## EXERCISE INSTRUCTIONS
Every line below is to be set down again exactly; any image stays out.

## RECORDED DATA
────────

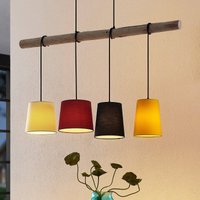 Lindby pendant light Hinai, black/red/yellow, textile, 116cm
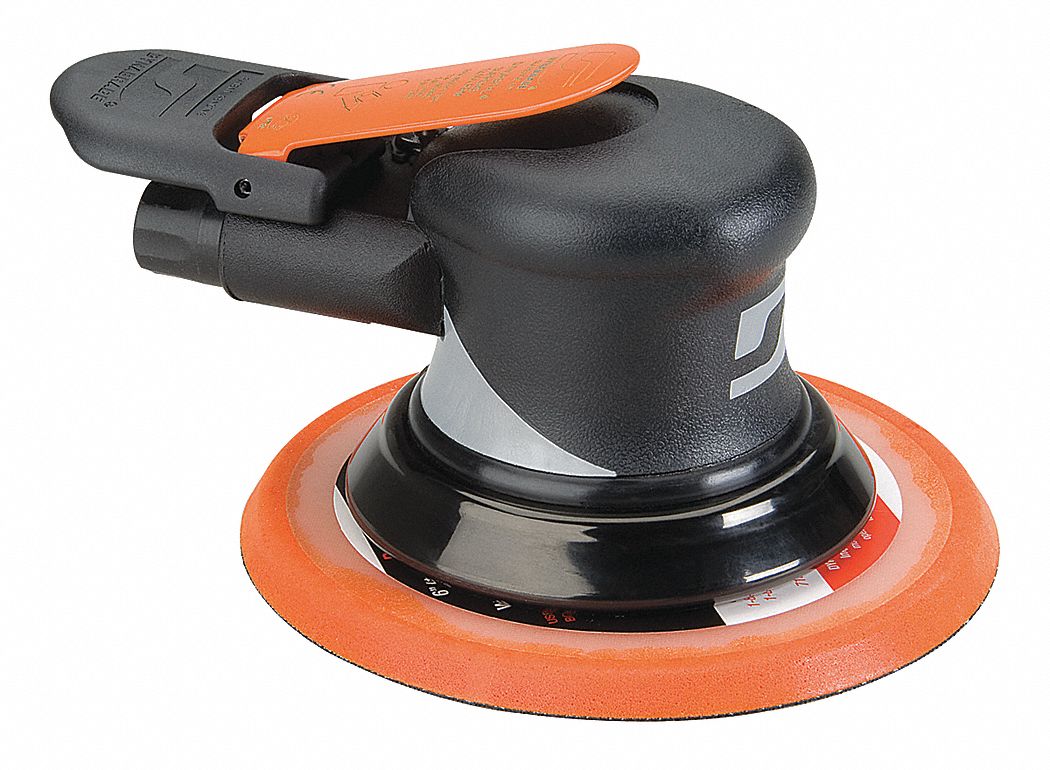 DYNABRADE Air Random Orbital Sander, 6 in Vinyl or Hook, 3/8 in Orbit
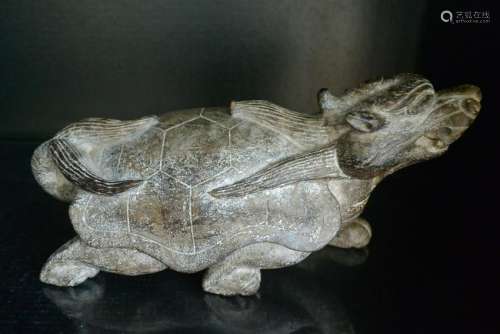 Song Dynasty or earlier Stone carving turtle back grain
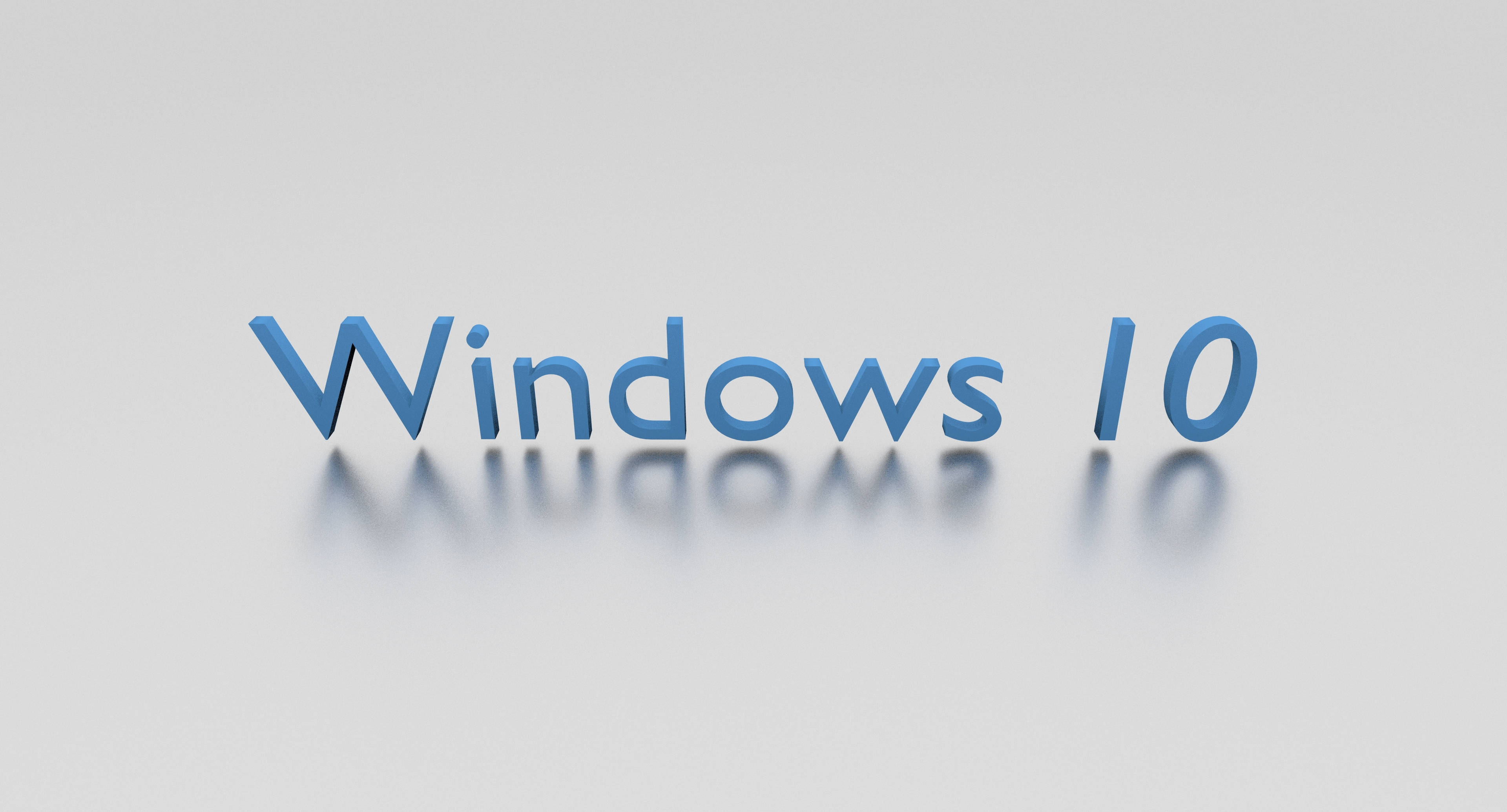Windows 10 高畫質 桌布 壁紙 — 藍色3D Windows 10文字在淺灰色表面上帶有反射效果。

────────

## OUTPUT BELOW
 Lindby pendant light Hinai, black/red/yellow, textile, 116cm
 DYNABRADE Air Random Orbital Sander, 6 in Vinyl or Hook, 3/8 in Orbit
 Song Dynasty or earlier Stone carving turtle back grain
Windows 10 高畫質 桌布 壁紙 — 藍色3D Windows 10文字在淺灰色表面上帶有反射效果。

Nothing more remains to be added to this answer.